Your instructions: Word for word, reproduce the listing that follows, excluding any pictures it contains.

Dataset section Block Start

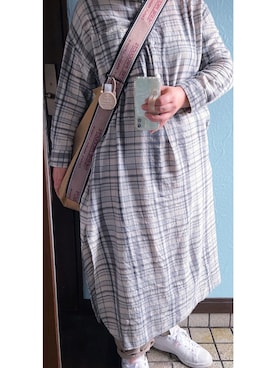 「仕事着」｜「アイテム（ハンチング/ベレー帽）」を使った、ma！さん（レディース・159cm）の夏コーディネート
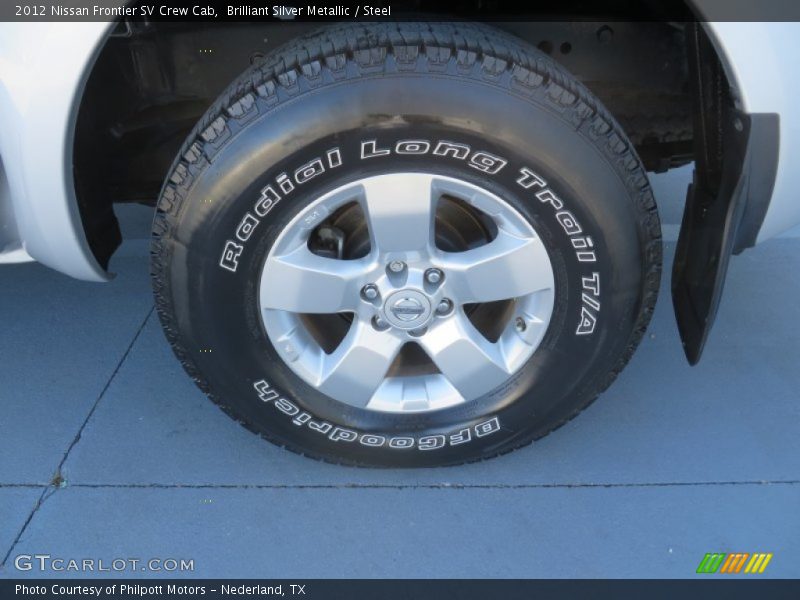 Brilliant Silver Metallic / Steel 2012 Nissan Frontier SV Crew Cab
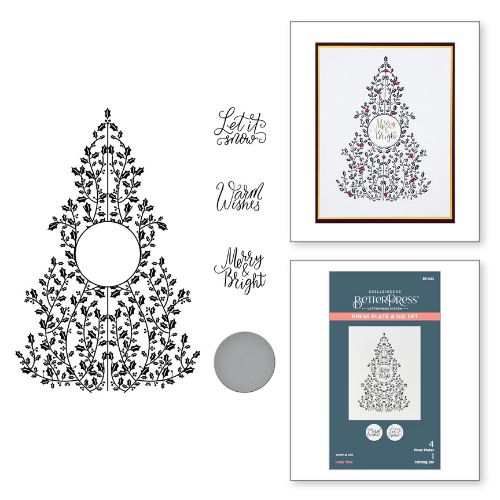 Spellbinders - Holly Tree Press Plate & Die Set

Dataset section Block End

Exercise result:
 「仕事着」｜「アイテム（ハンチング/ベレー帽）」を使った、ma！さん（レディース・159cm）の夏コーディネート
 Brilliant Silver Metallic / Steel 2012 Nissan Frontier SV Crew Cab
 Spellbinders - Holly Tree Press Plate & Die Set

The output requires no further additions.